公開日:2025.04.24更新日:2025.07.08

双極性障害と双極スペクトラム

双極性障害という病気のことをご存じでしょうか。日本では1000人に4人~7人が発症すると言われており、うつ病と比べると発症率は低いですが、決して他人事というわけではありません。

双極性障害は診断が難しく、過少診断(双極性障害なのに別の病気と診断してしまう)も少なくないとされています。それを防ぐために「双極スペクトラム」という考え方が考案されました。

なぜ双極性障害は診断が難しいのでしょうか。双極スペクトラムとはどんな考え方なのか、患者やそのご家族にできることはあるのでしょうか。今回は「双極性障害と双極スペクトラム」について解説していきます。

双極性障害とは

そもそも双極性障害とはどのような病気なのでしょうか。

双極性障害は躁(そう)状態とうつ状態を繰り返す病気です。躁状態とはハイテンションで活動的になり、「自分はすごい人間なんだ」と感じる状態です。うつ状態は躁状態とは反対に消極的で悲観的になり、「自分なんて価値のない人間だ」と感じる状態です。うつ状態は6か月ほど続き、その後2週間から5か月ほど躁状態になり、その後またうつ状態になることを繰り返していきます。

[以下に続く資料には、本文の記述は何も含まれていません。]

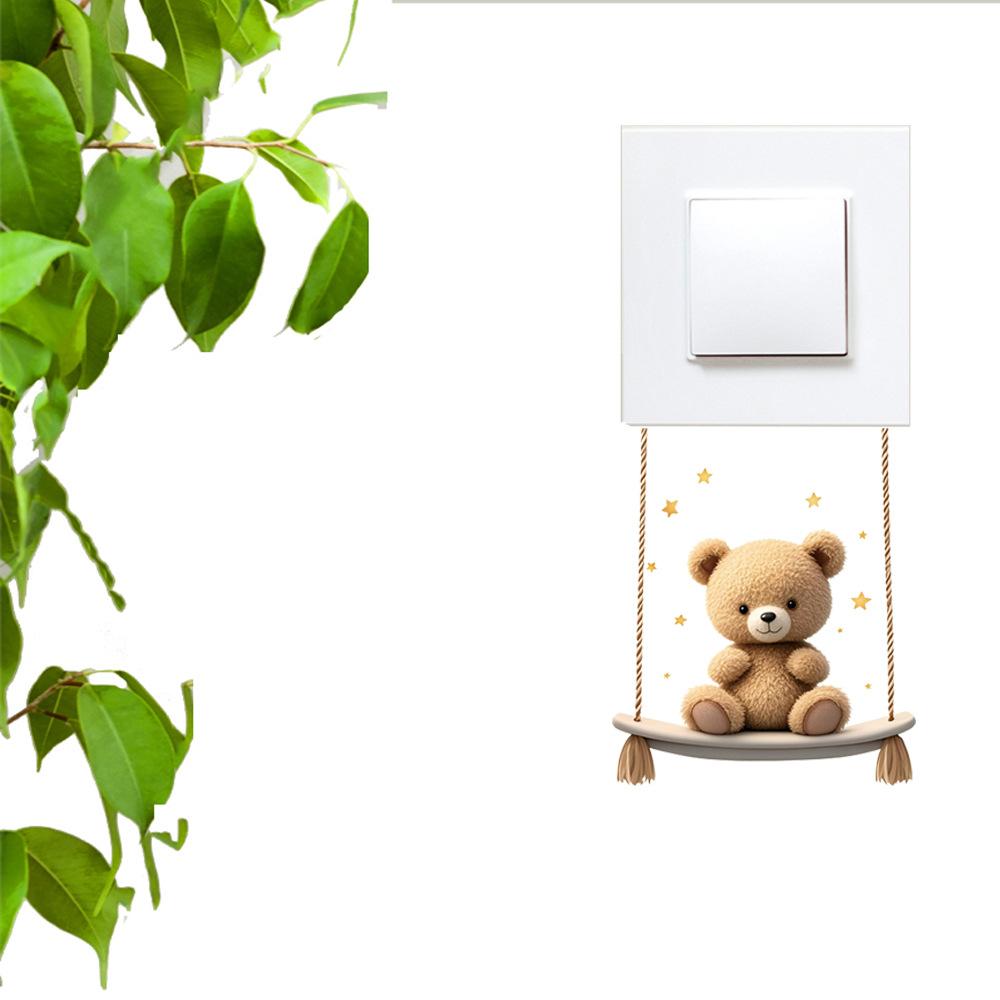 Self-adhesive Cartoon Bear on Swing Switch Stickers Wall Decals for Bedroom Entryway Home Decor Wholesale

躁状態は気分がハイになっているため、自分が病気であると気づきにくく、むしろその躁状態を自身でも「良い状態」と捉えてしまう特徴があり、とくに診察室のヒアリングでは初診時にははっきりしないことも少なくありません。そして、うつ状態に転じて「意欲が出ない」・「体が思う様に動かない」などの症状で初めて病院へ受診し、最初はうつ病として治療を開始しながら、通院を重ねながら医師との診療を通して、躁状態の存在に気づかれたり、双極性障害への病気だと診断されることは実は少なくありません。そのため、病状の経過上、最初は双極性障害であると気づかれず、経過を追うことで、双極性障害という診断に切り替わることもあります。

双極スペクトラムとは

スペクトラムとは「連続体」という意味を持ち、近年精神疾患に対して採用されている考え方の1つです。

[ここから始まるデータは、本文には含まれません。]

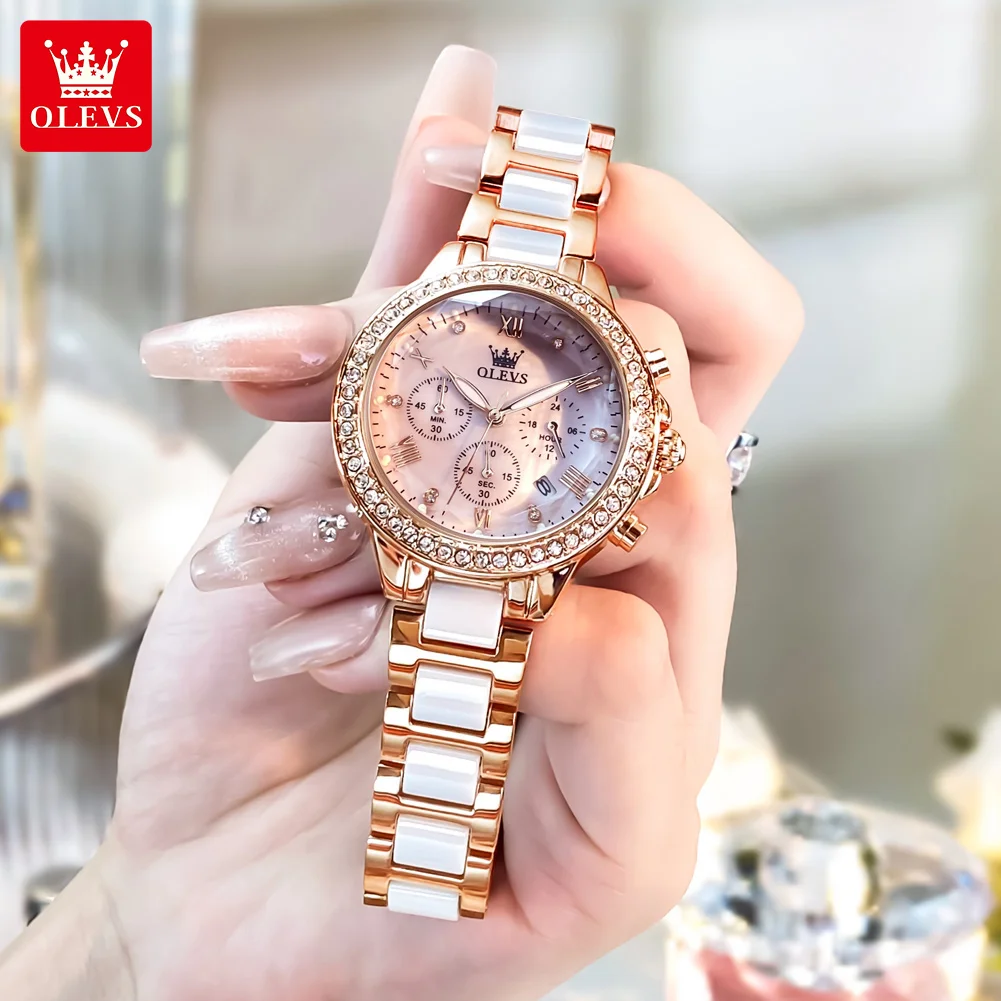 OLEVS 9999 Elegant Women's Watch Luxury Brand Multi functional Waterproof Luminous Quartz Watch Diamond Women's Watch Girl Gift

例えば骨が折れている状態はレントゲンを見れば一発でわかるため、どの医師も「骨折」と判断するでしょう。しかし精神疾患の場合、患者の状態や日々の様子から、目に見えな精神疾患について診断しなければなりません。さらに患者の様子も日々変わっていき、調子のよい時と悪い時で診断結果が変わってしまえば適切な治療は困難になります。

そこで用いられるようになったのがスペクトラムという考え方です。「この症状だからこの病気」と固定するのではなく、「症状の強い時もあれば弱い時もある、それをすべて含め、領域として診断とする」のです。

これにより、双極性障害への理解がさらに進み、適切な治療や生活へのケアや注意点へのアドバイスが受けいれられやすくなりました。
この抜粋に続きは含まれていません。